(Image-caption web data)
+++
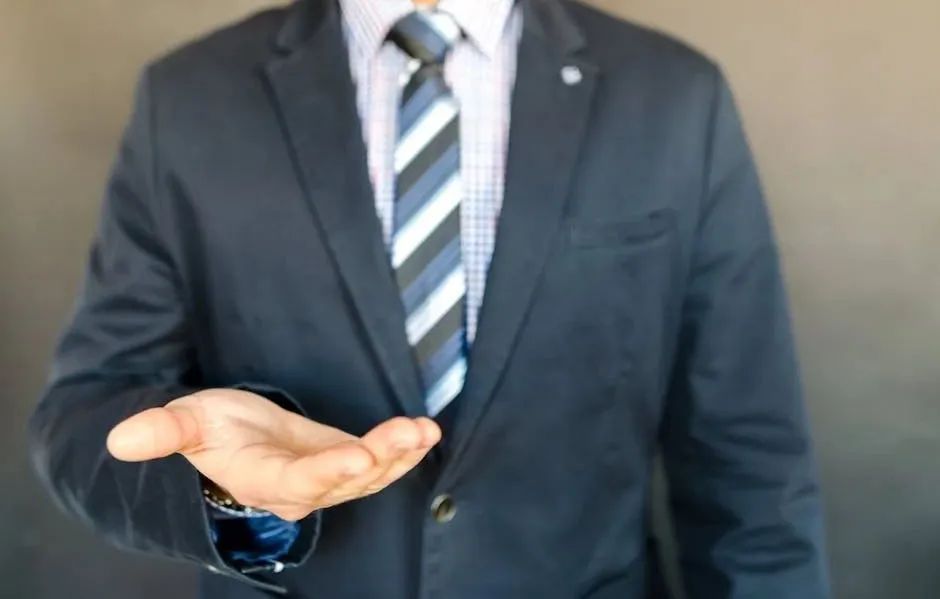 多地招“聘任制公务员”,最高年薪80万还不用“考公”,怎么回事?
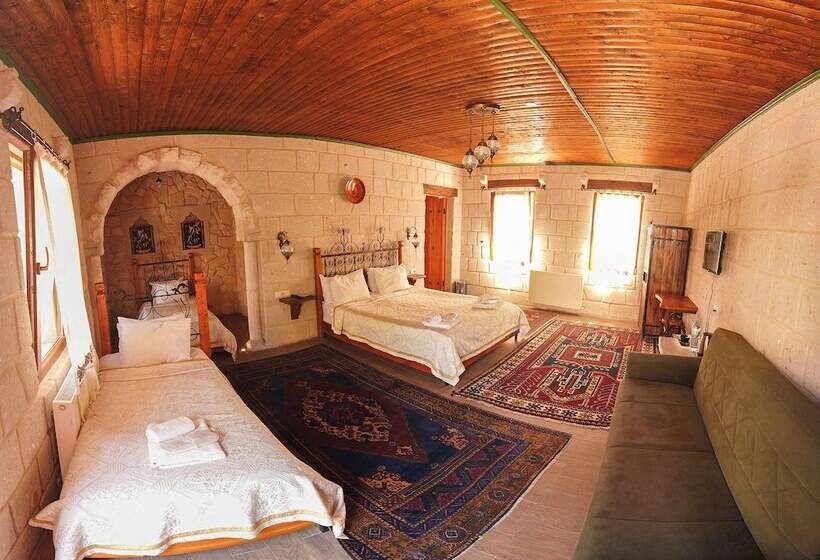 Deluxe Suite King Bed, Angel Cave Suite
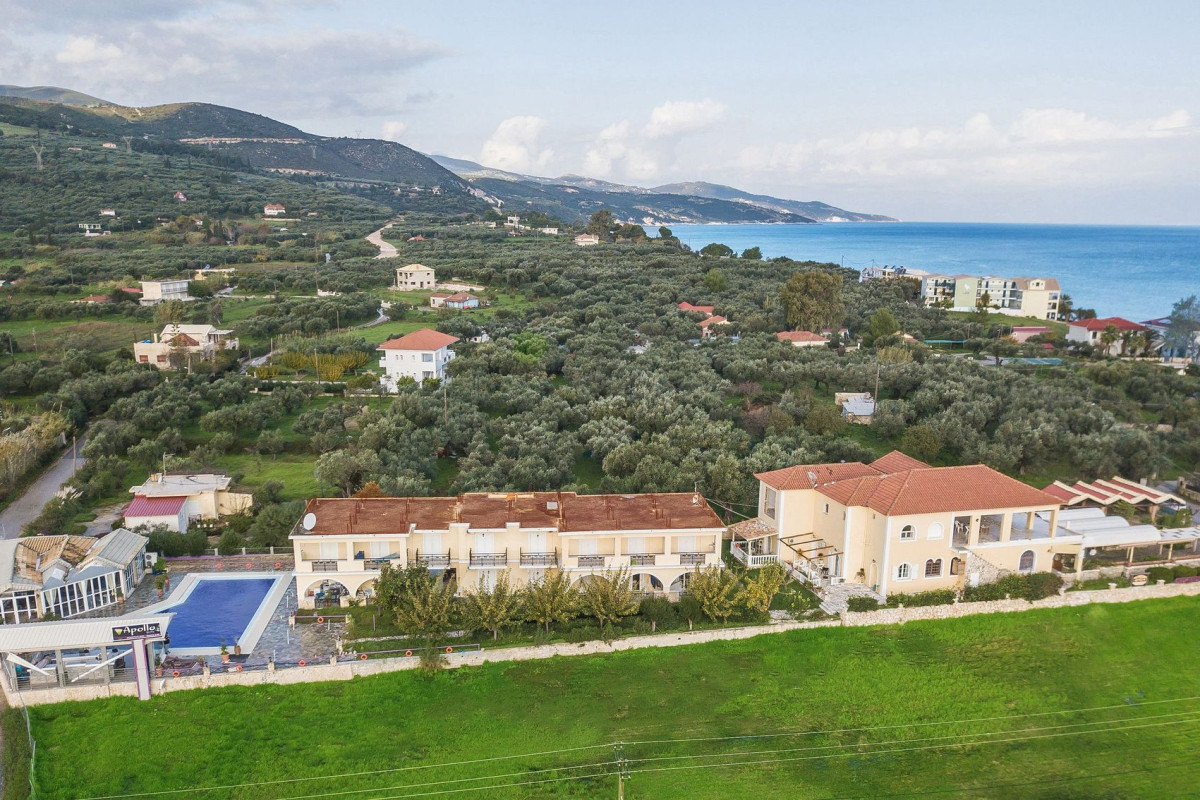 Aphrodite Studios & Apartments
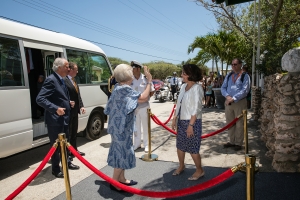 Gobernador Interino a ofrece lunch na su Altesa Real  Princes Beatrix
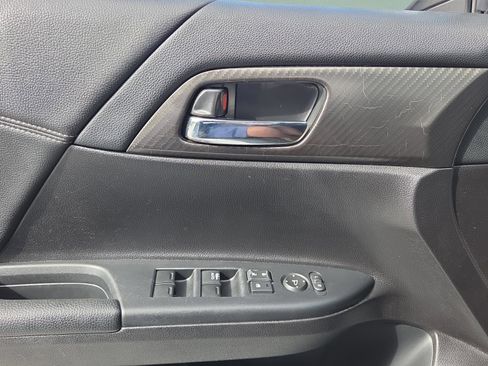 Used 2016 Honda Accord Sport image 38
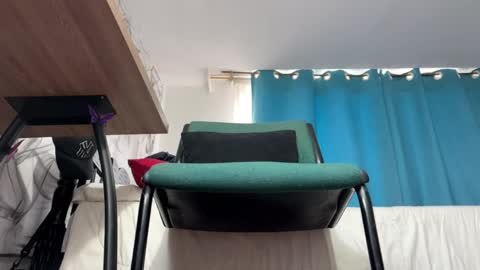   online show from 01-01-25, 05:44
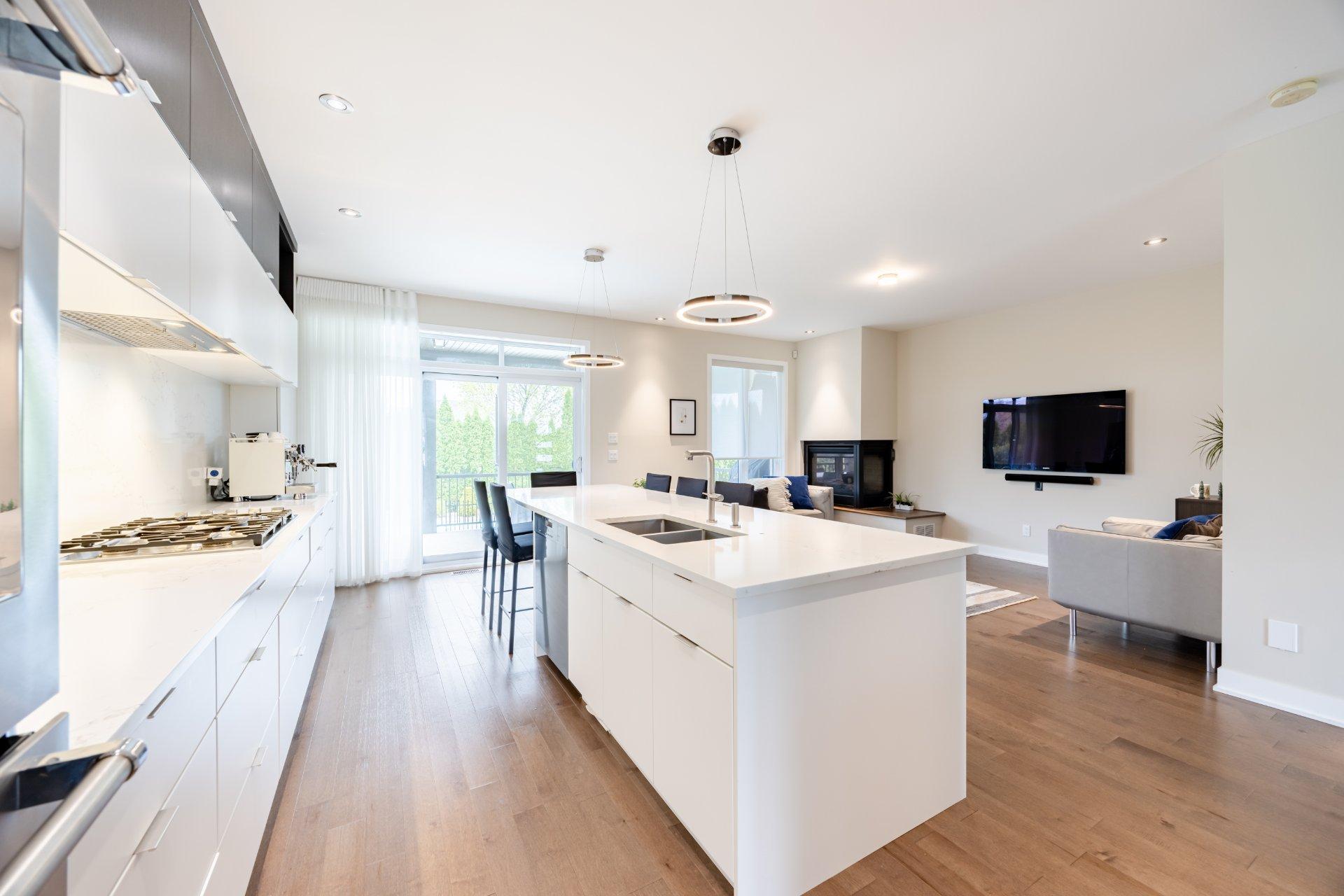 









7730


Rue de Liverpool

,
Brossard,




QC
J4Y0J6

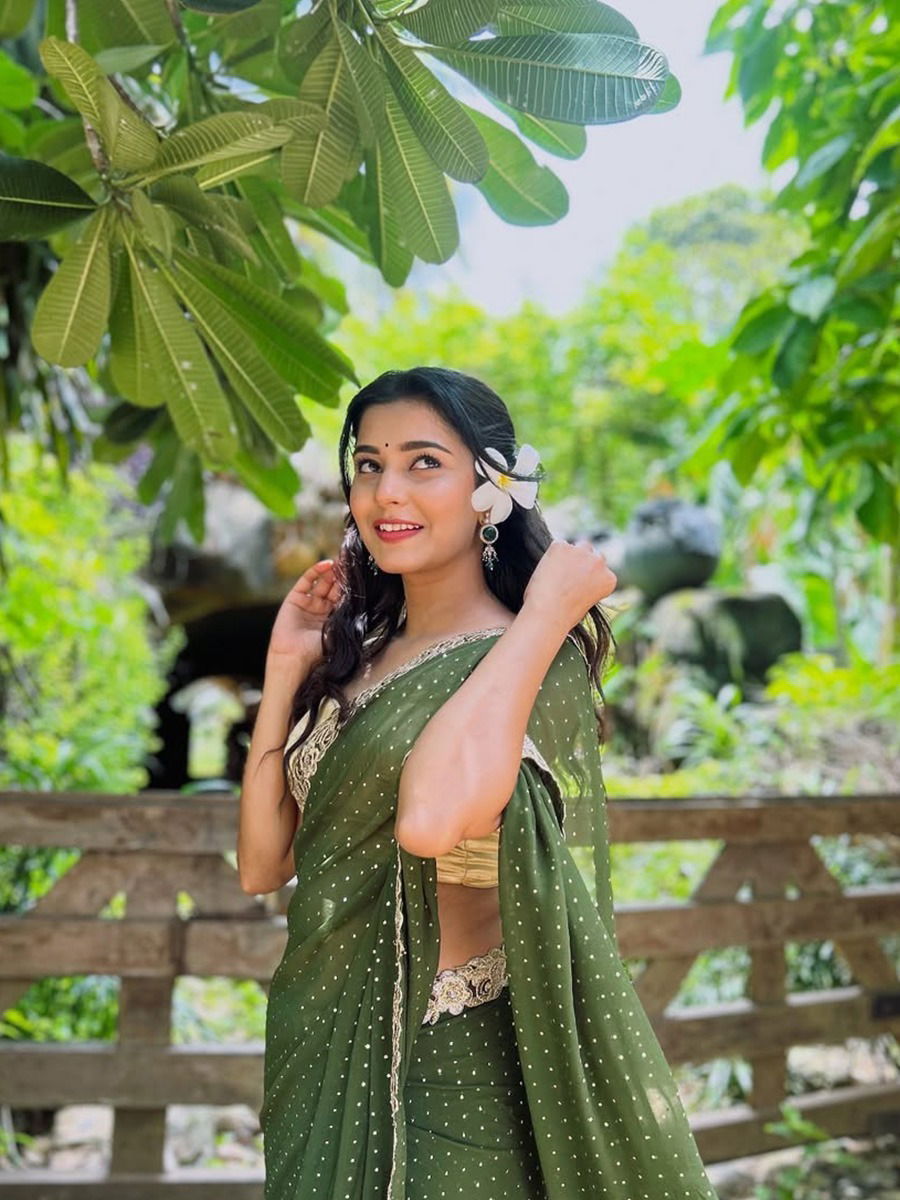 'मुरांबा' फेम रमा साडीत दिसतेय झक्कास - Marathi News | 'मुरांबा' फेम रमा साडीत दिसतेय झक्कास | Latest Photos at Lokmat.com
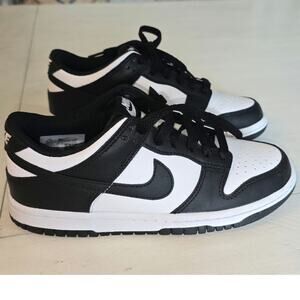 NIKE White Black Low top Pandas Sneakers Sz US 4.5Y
+++
Assigned task => Your output should be exactly the lines of the records above from the one with "Used 2016 Honda Accord Sport image 38" through the last, both ends included, with pictures excluded.

Response box =>
 Used 2016 Honda Accord Sport image 38
   online show from 01-01-25, 05:44









7730


Rue de Liverpool

,
Brossard,




QC
J4Y0J6

 'मुरांबा' फेम रमा साडीत दिसतेय झक्कास - Marathi News | 'मुरांबा' फेम रमा साडीत दिसतेय झक्कास | Latest Photos at Lokmat.com
 NIKE White Black Low top Pandas Sneakers Sz US 4.5Y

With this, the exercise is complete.